Source data:
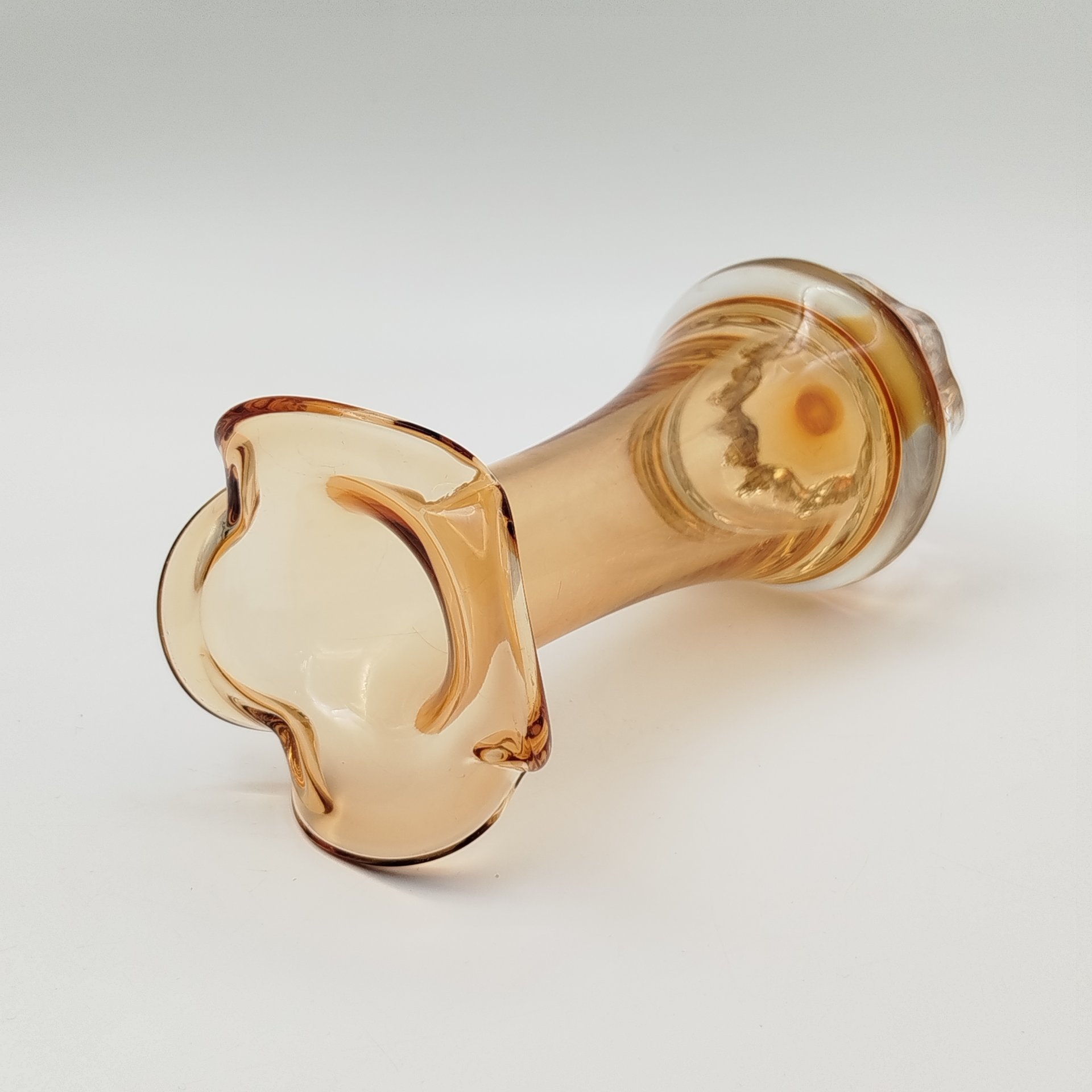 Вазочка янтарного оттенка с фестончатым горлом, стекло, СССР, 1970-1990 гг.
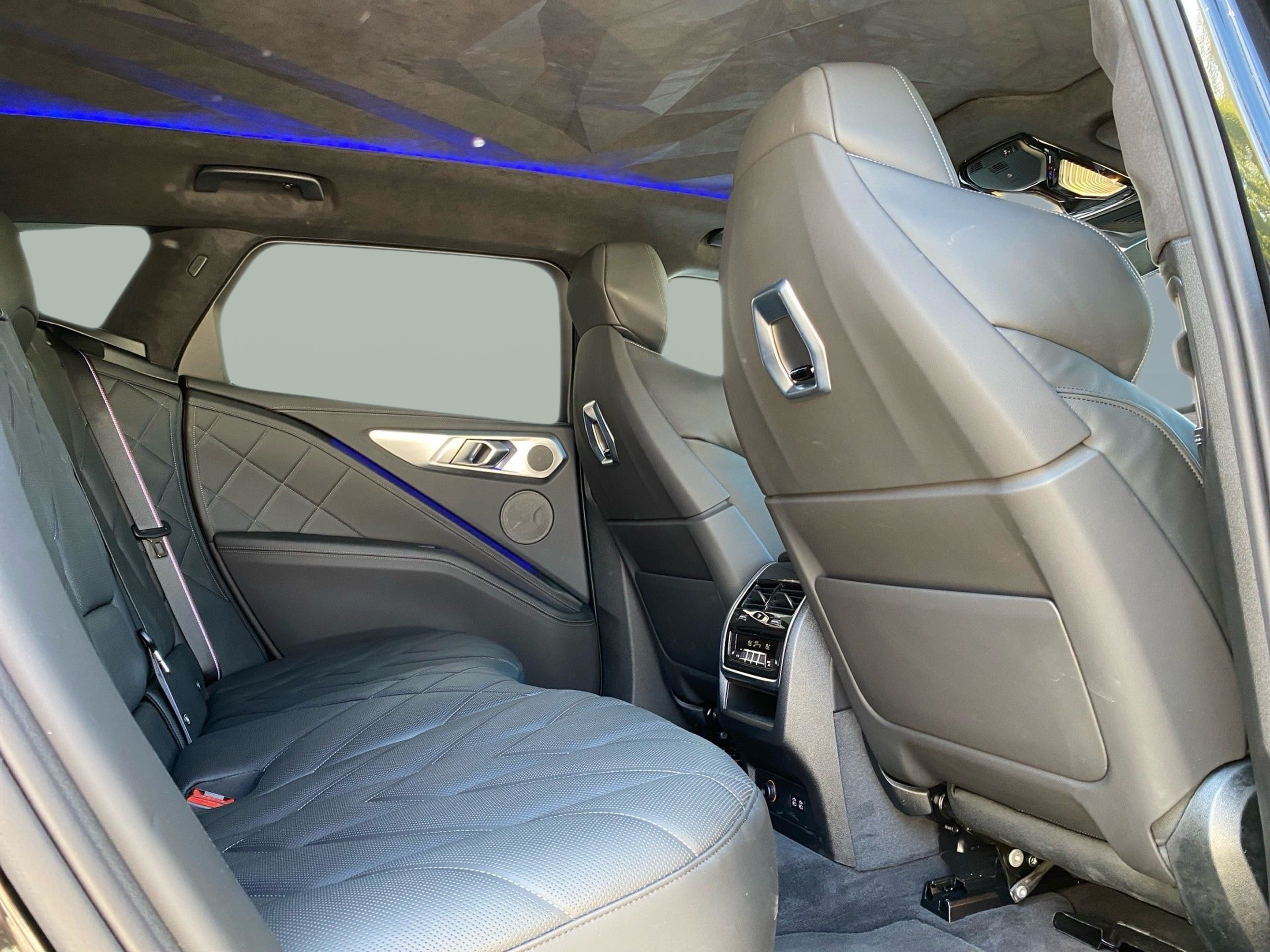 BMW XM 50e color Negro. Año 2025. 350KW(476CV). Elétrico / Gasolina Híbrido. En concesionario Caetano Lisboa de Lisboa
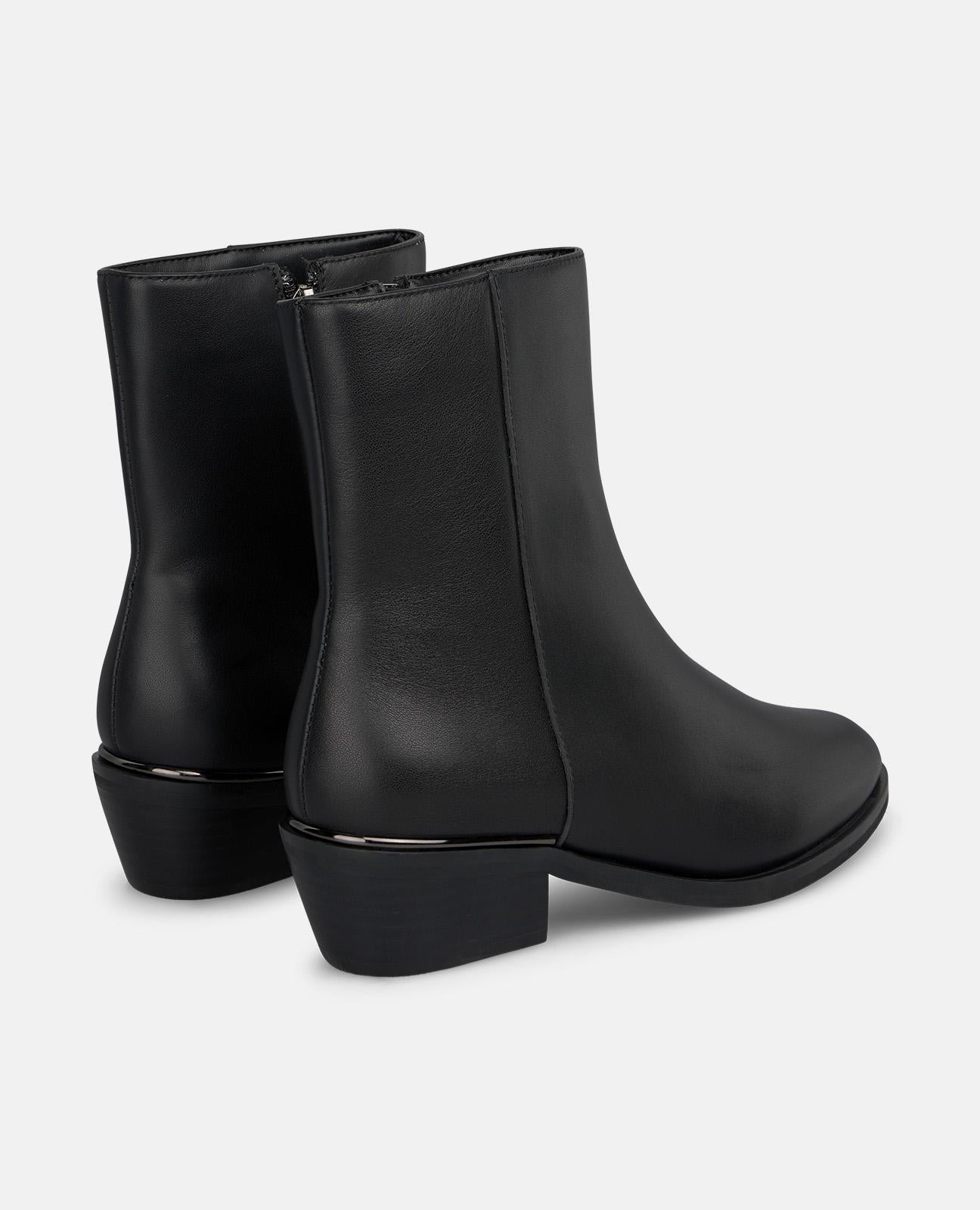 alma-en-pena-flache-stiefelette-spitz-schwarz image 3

Instructions to follow: Pictures aside, reproduce the listing above exactly.

Answer section:
 Вазочка янтарного оттенка с фестончатым горлом, стекло, СССР, 1970-1990 гг.
 BMW XM 50e color Negro. Año 2025. 350KW(476CV). Elétrico / Gasolina Híbrido. En concesionario Caetano Lisboa de Lisboa
 alma-en-pena-flache-stiefelette-spitz-schwarz image 3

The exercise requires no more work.